For me, it was now four years to the next Winter Games, in Torino, Italy, in 2006. Four years to train for—as an example—40 seconds in the 500.

If it were just about a medal, that was bad math. It was very good math, though, if the equation, were framed differently. For those 40 seconds, I might have the chance to be all I could be.


“A coach would say, “Great race!”

And I would come back with something like this: “No, I need to do more.”

I have to accept that I am forever striving for perfect. It’s part of me to my core. But I also accept now that nothing is perfect. And it doesn’t need to be perfect. That doesn’t need to detract in any way, shape, or form from whatever it is I’m pursuing.

My personal best is good enough, as long as I give it everything I’ve got.

It’s too intense and too unforgiving a life if you live trying to be a perfectionist. Perfect is, in a very real sense, unattainable. It’s a little like being on a perpetual StairMaster—the thing never shuts off, the stairs piling down and down, sometimes faster, sometimes slower, but never, ever off.

Sometimes you’ve got to get off the machine, hold the rails, look around, and appreciate all the stairs you’ve already climbed.
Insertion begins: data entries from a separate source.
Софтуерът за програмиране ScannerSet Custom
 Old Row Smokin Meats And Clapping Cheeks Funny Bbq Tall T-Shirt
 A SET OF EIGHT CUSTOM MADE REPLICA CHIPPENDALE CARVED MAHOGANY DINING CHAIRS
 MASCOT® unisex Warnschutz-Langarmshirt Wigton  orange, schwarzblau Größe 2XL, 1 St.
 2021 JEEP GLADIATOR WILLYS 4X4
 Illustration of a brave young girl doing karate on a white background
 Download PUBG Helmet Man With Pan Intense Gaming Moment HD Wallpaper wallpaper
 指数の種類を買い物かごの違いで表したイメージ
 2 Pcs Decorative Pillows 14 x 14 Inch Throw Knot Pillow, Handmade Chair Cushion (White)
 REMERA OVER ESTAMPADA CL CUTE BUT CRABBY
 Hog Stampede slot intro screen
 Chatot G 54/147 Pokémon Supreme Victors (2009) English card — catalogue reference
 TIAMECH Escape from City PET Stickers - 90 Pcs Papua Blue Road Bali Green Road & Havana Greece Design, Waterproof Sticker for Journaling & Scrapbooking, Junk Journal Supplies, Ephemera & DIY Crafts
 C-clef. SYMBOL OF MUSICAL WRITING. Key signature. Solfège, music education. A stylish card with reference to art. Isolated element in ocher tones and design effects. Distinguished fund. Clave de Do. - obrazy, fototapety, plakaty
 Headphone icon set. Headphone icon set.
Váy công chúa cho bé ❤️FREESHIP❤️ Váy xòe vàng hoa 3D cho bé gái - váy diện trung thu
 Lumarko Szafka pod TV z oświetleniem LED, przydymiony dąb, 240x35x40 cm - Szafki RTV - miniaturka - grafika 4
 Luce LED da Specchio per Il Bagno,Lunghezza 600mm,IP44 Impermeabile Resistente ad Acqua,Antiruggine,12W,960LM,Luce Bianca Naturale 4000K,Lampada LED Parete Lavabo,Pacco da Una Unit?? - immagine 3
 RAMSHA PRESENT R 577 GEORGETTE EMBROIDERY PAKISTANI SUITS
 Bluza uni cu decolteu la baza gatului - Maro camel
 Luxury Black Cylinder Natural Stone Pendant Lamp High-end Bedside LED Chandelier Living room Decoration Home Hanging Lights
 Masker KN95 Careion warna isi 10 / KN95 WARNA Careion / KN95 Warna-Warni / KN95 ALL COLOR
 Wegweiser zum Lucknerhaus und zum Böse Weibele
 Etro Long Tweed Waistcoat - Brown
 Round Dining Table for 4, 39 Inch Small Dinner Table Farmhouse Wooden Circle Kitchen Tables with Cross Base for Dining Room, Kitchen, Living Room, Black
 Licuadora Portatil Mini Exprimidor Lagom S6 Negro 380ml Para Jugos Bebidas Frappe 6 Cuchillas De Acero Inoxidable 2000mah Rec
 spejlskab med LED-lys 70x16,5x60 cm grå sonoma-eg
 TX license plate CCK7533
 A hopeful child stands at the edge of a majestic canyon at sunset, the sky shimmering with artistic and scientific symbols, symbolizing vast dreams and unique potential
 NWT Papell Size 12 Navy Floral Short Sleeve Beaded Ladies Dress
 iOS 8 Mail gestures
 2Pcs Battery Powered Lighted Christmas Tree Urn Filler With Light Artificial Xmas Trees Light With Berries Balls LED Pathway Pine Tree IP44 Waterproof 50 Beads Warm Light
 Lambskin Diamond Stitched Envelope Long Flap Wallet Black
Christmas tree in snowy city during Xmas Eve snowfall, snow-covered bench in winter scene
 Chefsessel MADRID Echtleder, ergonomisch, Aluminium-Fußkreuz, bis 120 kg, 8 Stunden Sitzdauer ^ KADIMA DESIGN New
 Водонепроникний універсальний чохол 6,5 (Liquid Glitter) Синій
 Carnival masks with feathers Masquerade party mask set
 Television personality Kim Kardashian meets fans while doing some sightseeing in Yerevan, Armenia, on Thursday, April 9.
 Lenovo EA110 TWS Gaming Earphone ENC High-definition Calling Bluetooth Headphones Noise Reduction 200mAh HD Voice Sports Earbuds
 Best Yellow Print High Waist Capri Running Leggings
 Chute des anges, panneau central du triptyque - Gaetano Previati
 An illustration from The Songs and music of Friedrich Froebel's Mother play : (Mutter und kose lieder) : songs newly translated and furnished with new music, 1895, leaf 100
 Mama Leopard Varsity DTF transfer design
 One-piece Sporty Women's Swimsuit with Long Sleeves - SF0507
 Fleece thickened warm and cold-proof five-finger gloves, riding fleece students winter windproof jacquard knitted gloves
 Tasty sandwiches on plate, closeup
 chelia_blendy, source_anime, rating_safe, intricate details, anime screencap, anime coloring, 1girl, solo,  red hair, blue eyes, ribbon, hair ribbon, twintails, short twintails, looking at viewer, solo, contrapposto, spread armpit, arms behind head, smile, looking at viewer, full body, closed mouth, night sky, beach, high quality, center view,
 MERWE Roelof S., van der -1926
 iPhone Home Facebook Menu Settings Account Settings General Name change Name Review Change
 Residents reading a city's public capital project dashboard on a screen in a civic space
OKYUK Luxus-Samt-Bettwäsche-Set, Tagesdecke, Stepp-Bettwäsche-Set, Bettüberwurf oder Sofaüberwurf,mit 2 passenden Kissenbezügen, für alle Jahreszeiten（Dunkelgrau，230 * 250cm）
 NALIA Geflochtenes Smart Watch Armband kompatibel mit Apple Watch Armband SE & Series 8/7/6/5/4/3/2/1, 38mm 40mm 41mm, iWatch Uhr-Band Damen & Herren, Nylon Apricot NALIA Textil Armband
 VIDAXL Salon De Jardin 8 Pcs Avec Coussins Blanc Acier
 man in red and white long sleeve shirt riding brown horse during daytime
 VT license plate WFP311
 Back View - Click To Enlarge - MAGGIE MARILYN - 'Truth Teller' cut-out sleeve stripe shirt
“There’s a sense of purity that we don’t see as often anymore, a glimpse into a life that is dedicated, with a central purpose—and that is to love a particular sport and to compete within it.

The Olympic Games were my spark—to come to the Games prepared, to represent my country the best I could. And every single time I have been treated so well by the Olympic Games. They have given me so much insight and I have been blessed and lucky enough to be my best. To go out there and give my all, that’s all I ask for. Whether I’m disqualified, or I come first, second or third, it’s not really up to me. I carry my struggle further.

At an Olympics, we come together on one stage. We come together to compete in fair play and with goodwill.

You see people from countries all over the world in one place, together—a unity of ethnicities and languages. It’s what we look for. It’s what we all really want. It’s what we want to see.

And it really is cool.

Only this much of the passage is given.